2022-07-11 Thread pinskia at gcc dot gnu.org via Gcc-bugs
https://gcc.gnu.org/bugzilla/show_bug.cgi?id=106253

--- Comment #5 from Andrew Pinski  ---
(In reply to rsand...@gcc.gnu.org from comment #4)
> I think for those we have to honour the prevailing
> flush-to-zero mode, which makes the
> functions at best pure rather than const.

GCC does handle changing of the rounding mode or change of the denormalized
flush to zero mode even in general floating point code. So the question becomes
should  wait for the infrastructure to be added to fix that case or add another
builtin?

[Bug target/106253] [13 Regression] ICE in vect_transform_loops, at tree-vectorizer.cc:1032

2022-07-11 Thread rsandifo at gcc dot gnu.org via Gcc-bugs
https://gcc.gnu.org/bugzilla/show_bug.cgi?id=106253

--- Comment #4 from rsandifo at gcc dot gnu.org  
---
I guess we'll need different patterns in that case.  These builtins
are also used to expand ACLE intrinsics, and I think for those we
have to honour the prevailing flush-to-zero mode, which makes the
functions at best pure rather than const.

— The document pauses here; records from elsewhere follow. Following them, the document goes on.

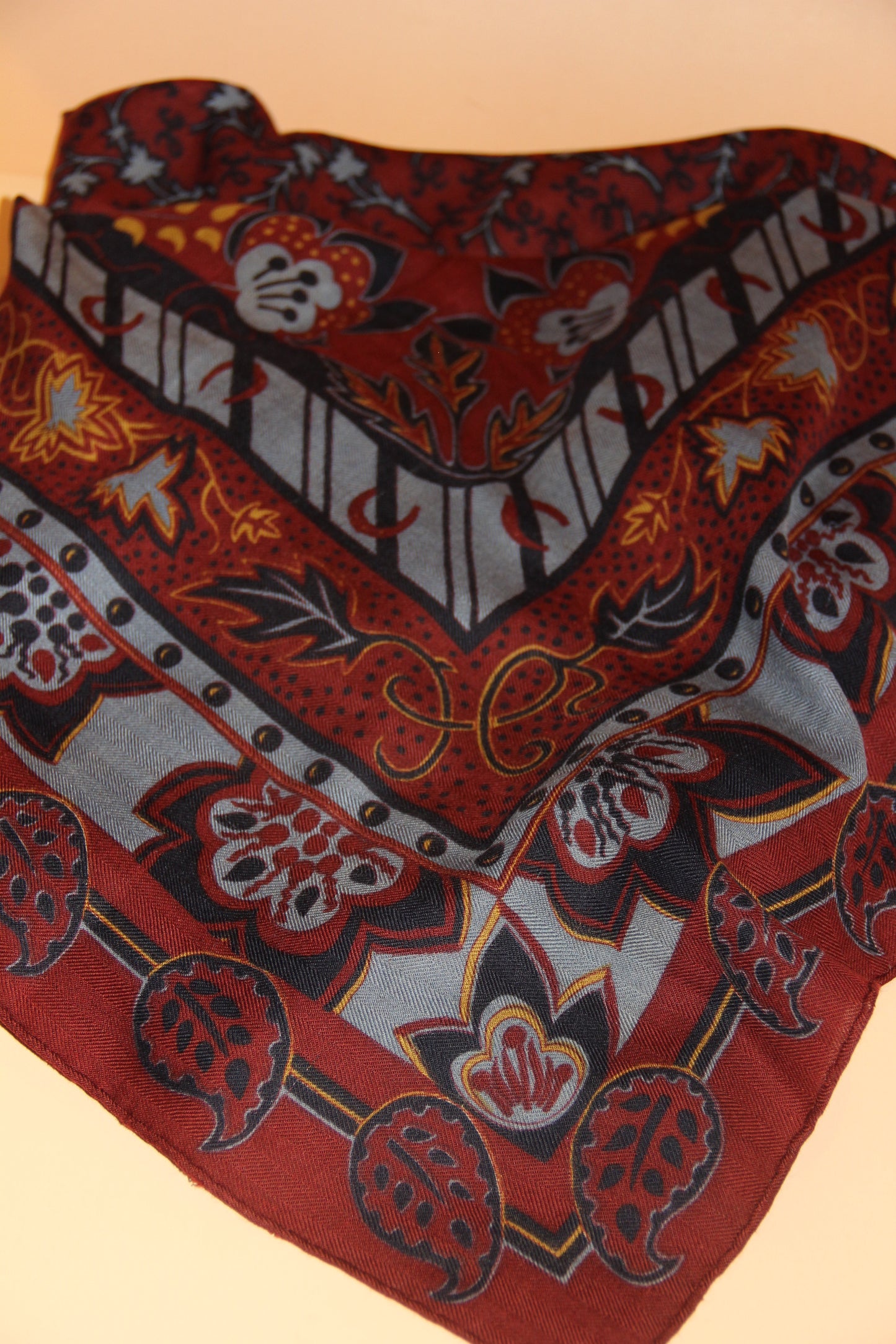 Large Hermès cashmere and silk shawl by Christine Henry
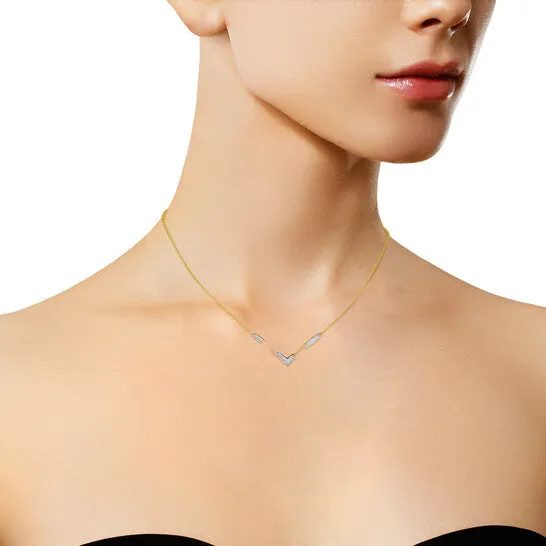 JMS always Necklaces Original Haus of Brilliance 14k Yellow and White Gold 2 cttw Diamond V Shape Statment 18 Necklace HISI2I1 JMS always Necklaces Original Haus of Brilliance 14k Yellow and White Gold 2 cttw Diamond V Shape Statment 18 Necklace HISI2I1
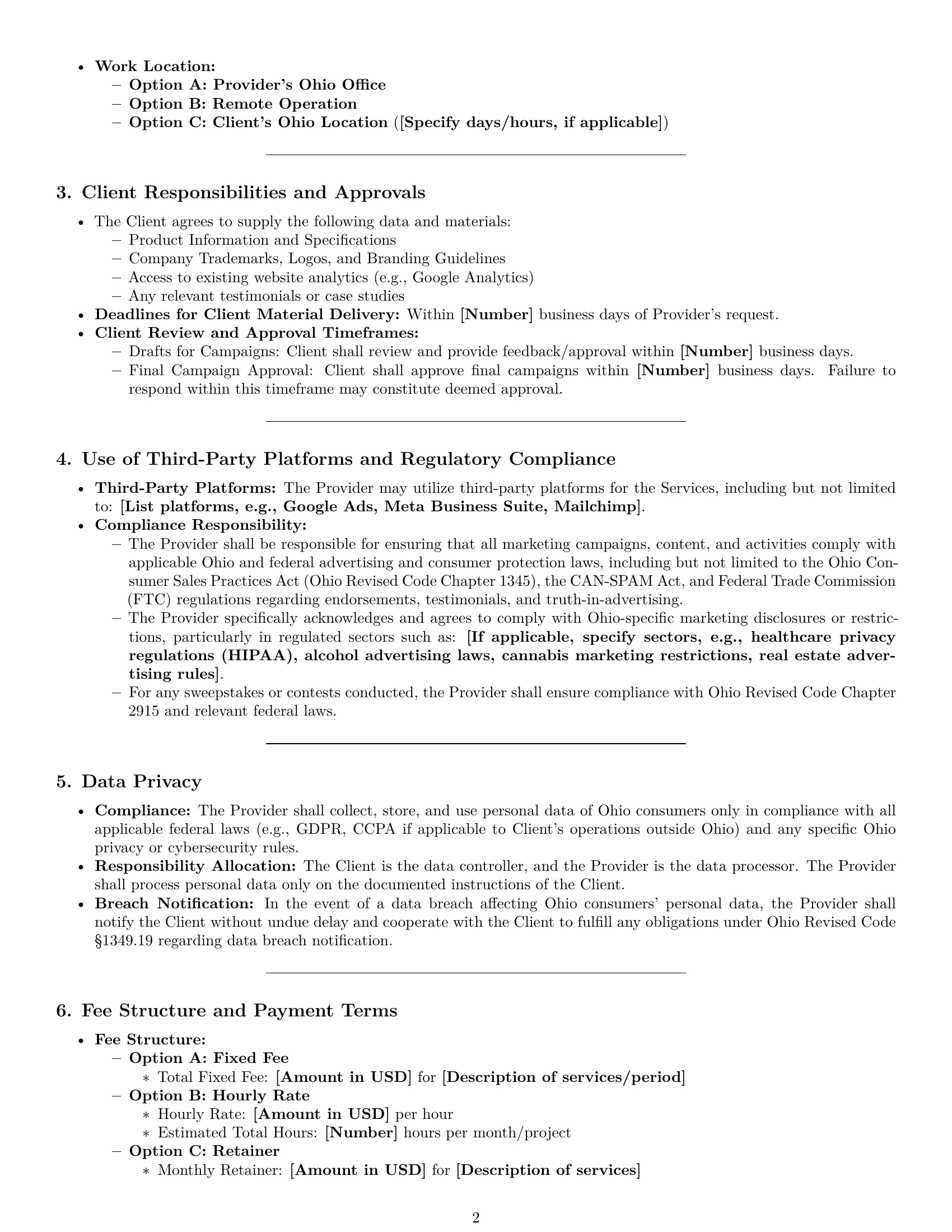 Preview page 2 of Pro Ohio marketing service contract template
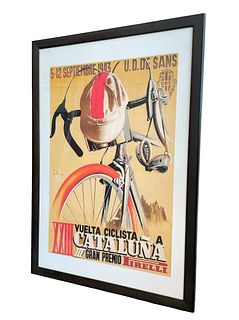 1943 Spain 23rd Tour of Cataluna Cycling Advertisement Poster 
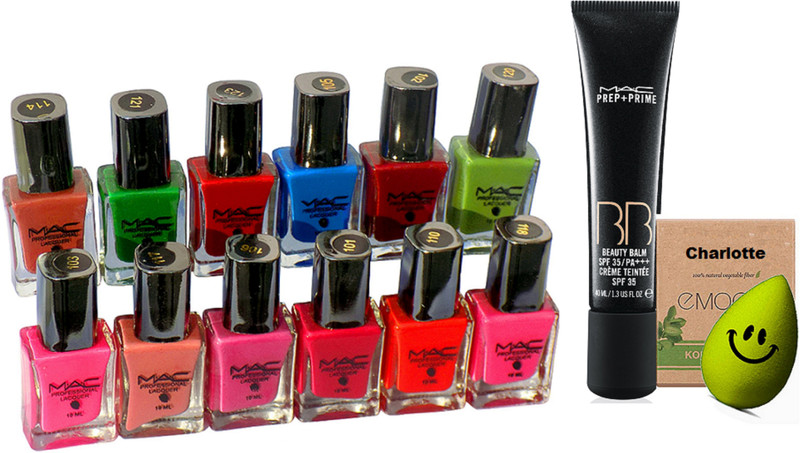 charlotte Spongy puff, Mac BB cream, nail polish (pack of 2)(14 Items in the set)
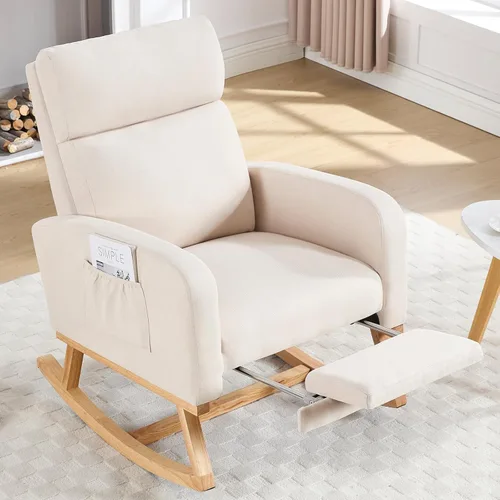 HCHAIRH Mecedora para cuarto de bebé, sillas mecedoras de lactancia con reposapiés para mamá, silla mecedora con reposapiés y respaldo alto para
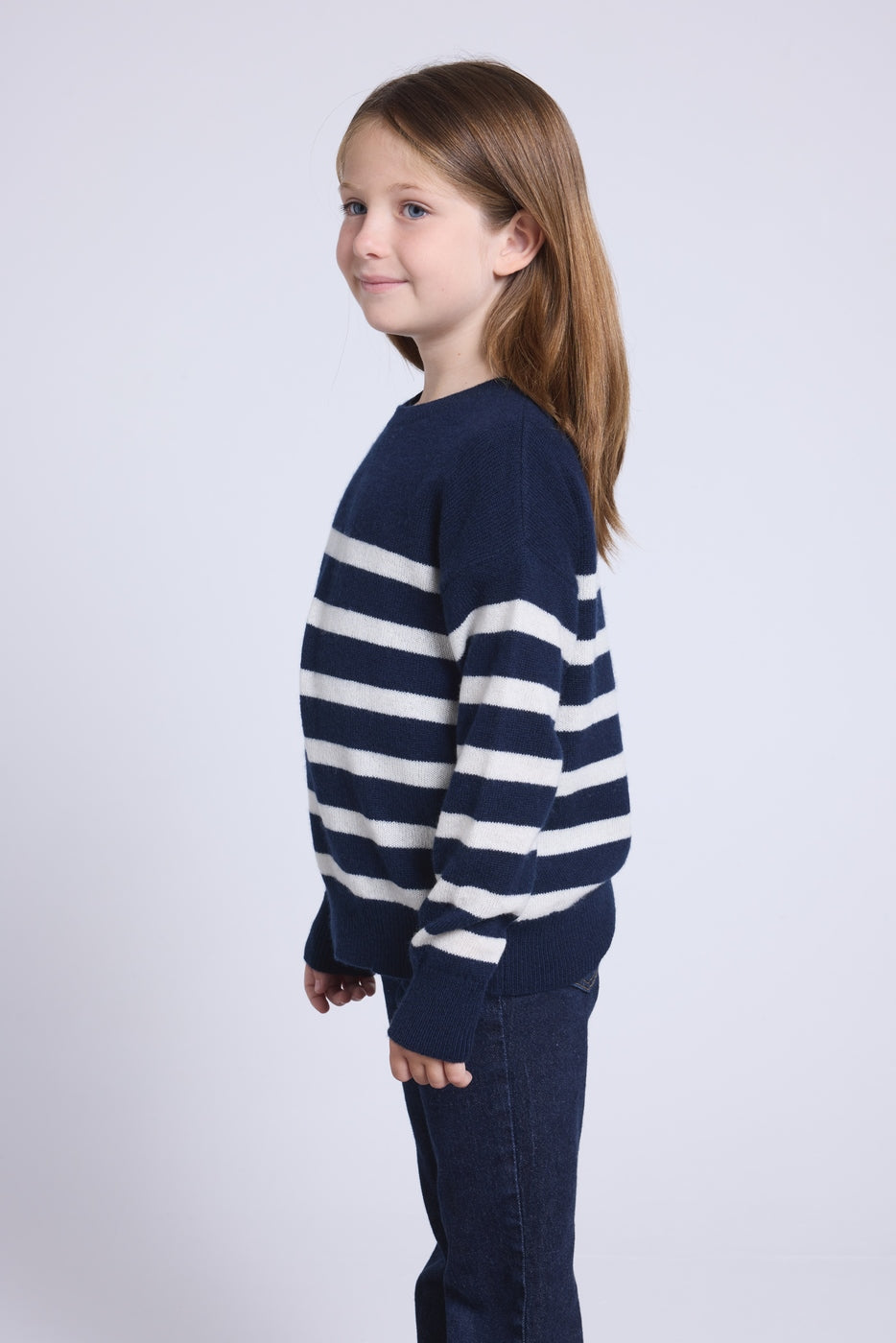 Pull Col Rond Col Rond Mariniere June - Bleu Marine Blanc - Enfant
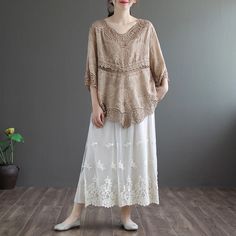 Retro Hollow Round-neck Lace Blouse – Babakud Lace Fashion, Neck Lace, Lace Blouse, Embroidered Lace, Casual Shirts, Sleeve Blouse, Lace Top, Tops Designs, Round Neck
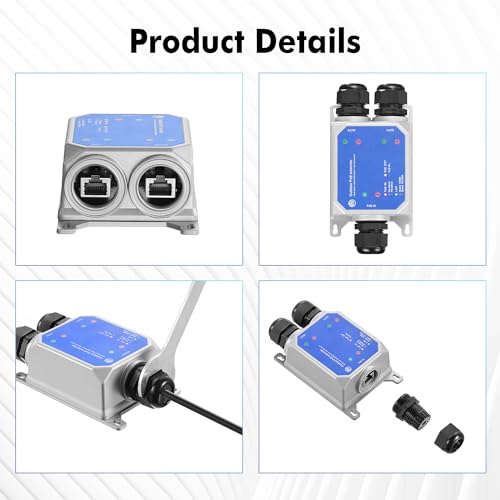 Image of MokerLink IP67 Outdoor 3 Port Gigabit PoE Extender, IEEE 802.3 af /at /bt Repeater 90W, 10 /100 /1000Mbps, 1 In 2 Out, Wall Mount Metal Waterproof Passthrough Switch
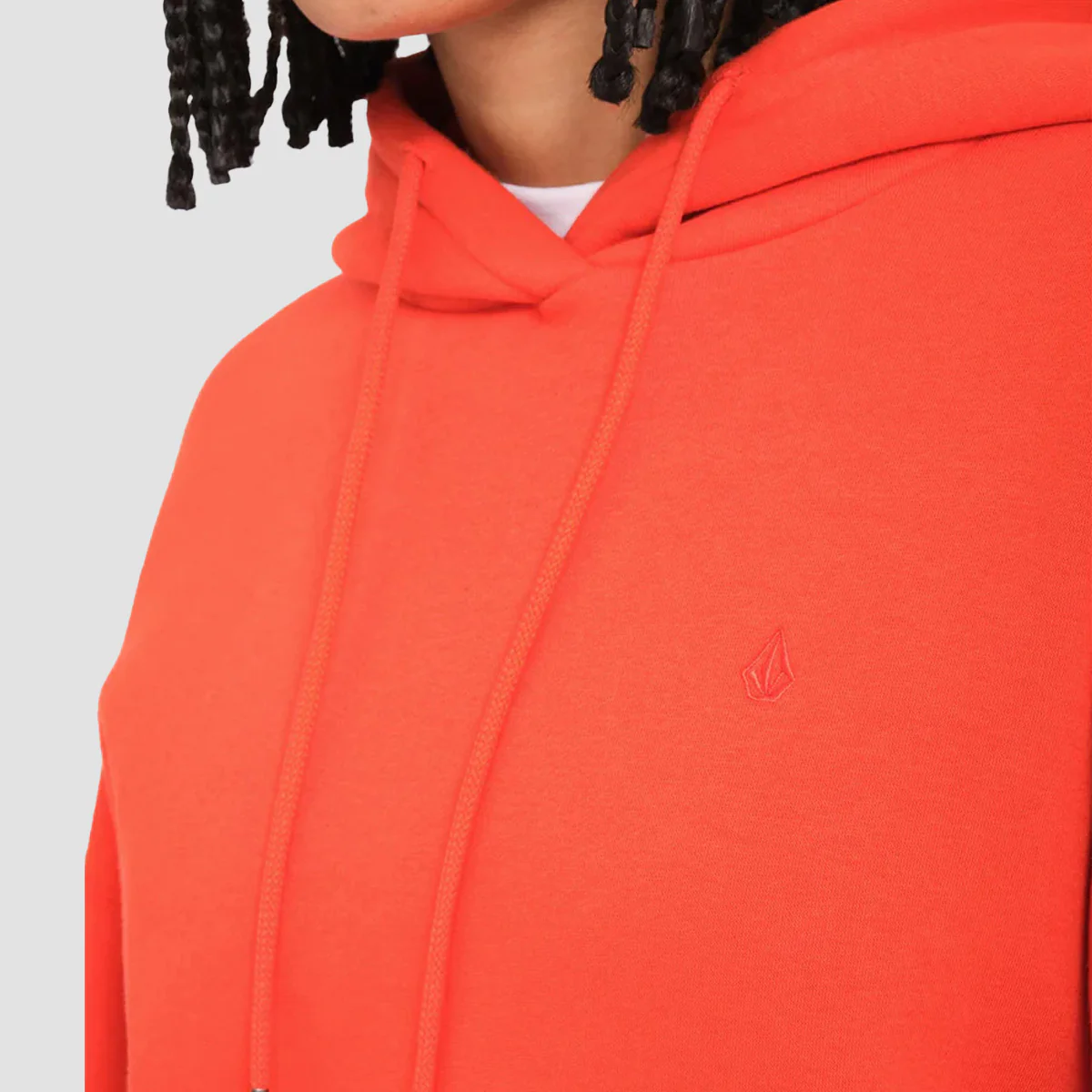 Volcom Stone Heart Up Pullover Hoodie Bright Red - Womens - Image 2
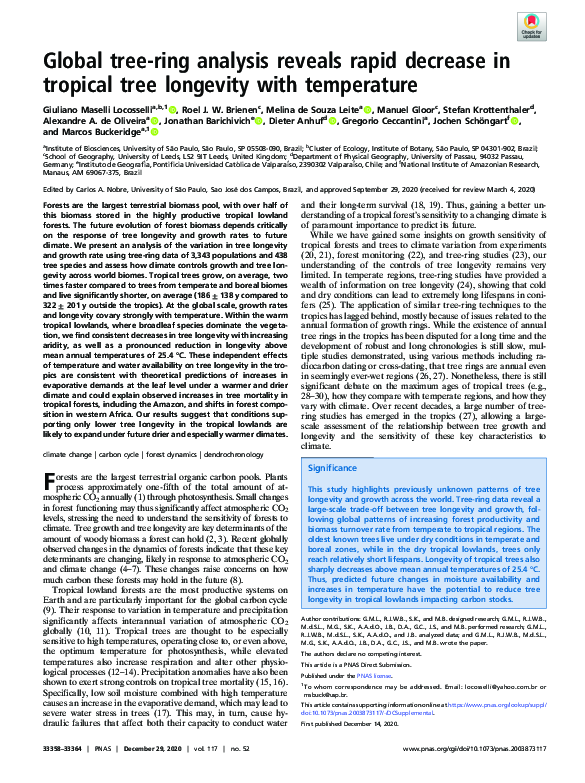 (PDF) Global tree-ring analysis reveals rapid decrease in tropical tree ...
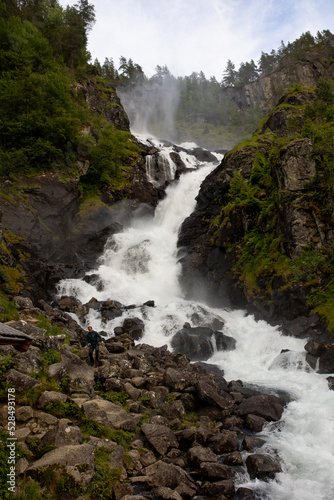 Amazing waterfalls near Odda village in Norway  Latefossen  Espelandsfossen  Vidfossen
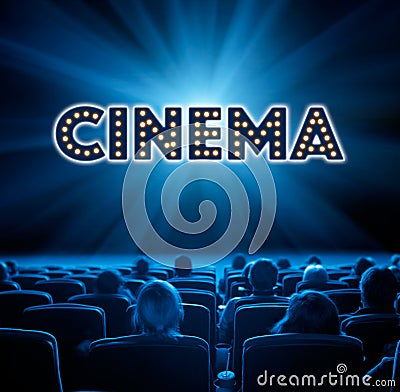 Viewers sit in cinema, blue toning Stock Photo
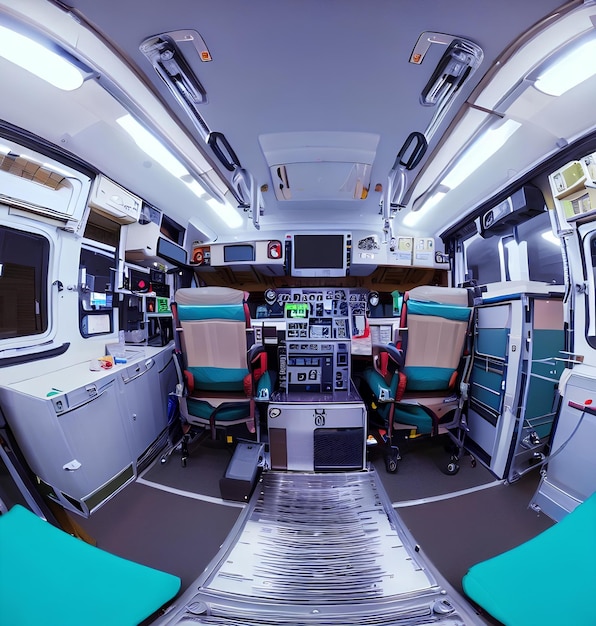 Design Interior View of an Ambulance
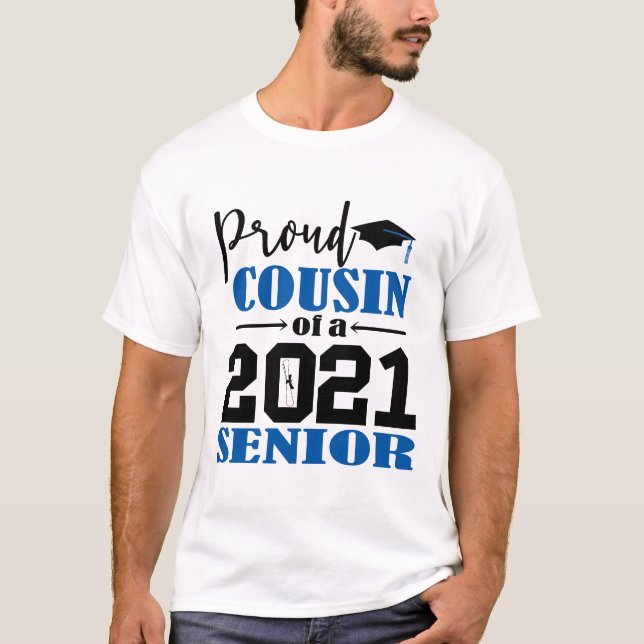 T-shirt Fière Cousin d'un Senior 2021 (Devant)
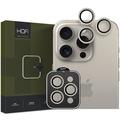 Geam Protecție Obiectiv Camera iPhone 15 Pro/15 Pro Max Hofi Camring Pro+ - Marginea Neagra / Titan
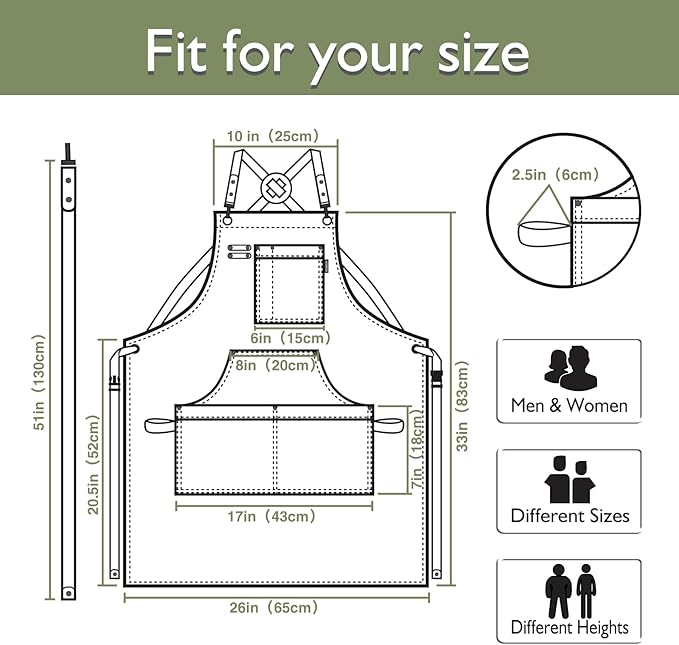 Kitchen Apron, Work Apron, Canvas, Multiple Pockets, Gardening, Painting, BBQ, Artist, Carpenter, Sizes M to XXL, Olive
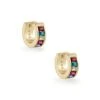 Jack Gold Huggie Earrings In Multi Crystal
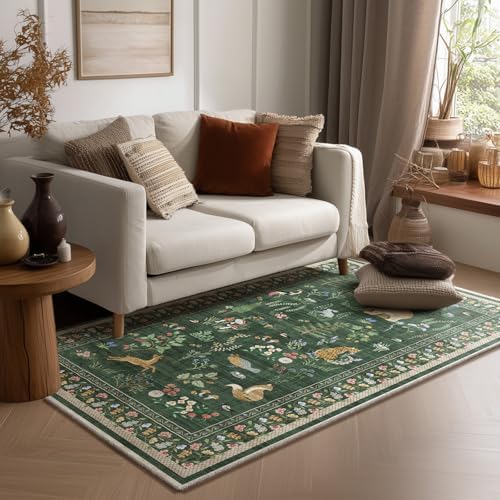 3x5 Washable Area Rugs for Entryway: Small Throw Rugs Stain Resistant Non Slip Low Pile Soft Faux Wool Lightweight Entry Rug for Bedroom Living Room Kitchen Bathroom Laundry Room Home Office Indoor by palohom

[Bug target/106253] [13 Regression] ICE in vect_transform_loops, at tree-vectorizer.cc:1032

2022-07-11 Thread rguenth at gcc dot gnu.org via Gcc-bugs
https://gcc.gnu.org/bugzilla/show_bug.cgi?id=106253

--- Comment #3 from Richard Biener  ---
aarch64_builtin_vectorized_function is what returns these, but the decls
seem to be generated elsewhere.

[Bug target/106253] [13 Regression] ICE in vect_transform_loops, at tree-vectorizer.cc:1032

2022-07-11 Thread rguenth at gcc dot gnu.org via Gcc-bugs
https://gcc.gnu.org/bugzilla/show_bug.cgi?id=106253

Richard Biener  changed:

   What|Removed |Added

 Status|ASSIGNED|NEW
   Assignee|rguenth at gcc dot gnu.org |unassigned at gcc dot 
gnu.org
  Component|tree-optimization   |target
 CC||rsandifo at gcc dot gnu.org

--- Comment #2 from Richard Biener  ---
# .MEM = VDEF <.MEM>
vect__19.49_45 = __builtin_aarch64_lroundv4sfv4si (vect__18.48_44);

aarch64 lround vectorized builtin does not have the same guarantees
as the builtin.def one.  It's good that those cases are now uncovered
(I've already fixed a similar case in the x86 backend).

Can a target maintainer please take this?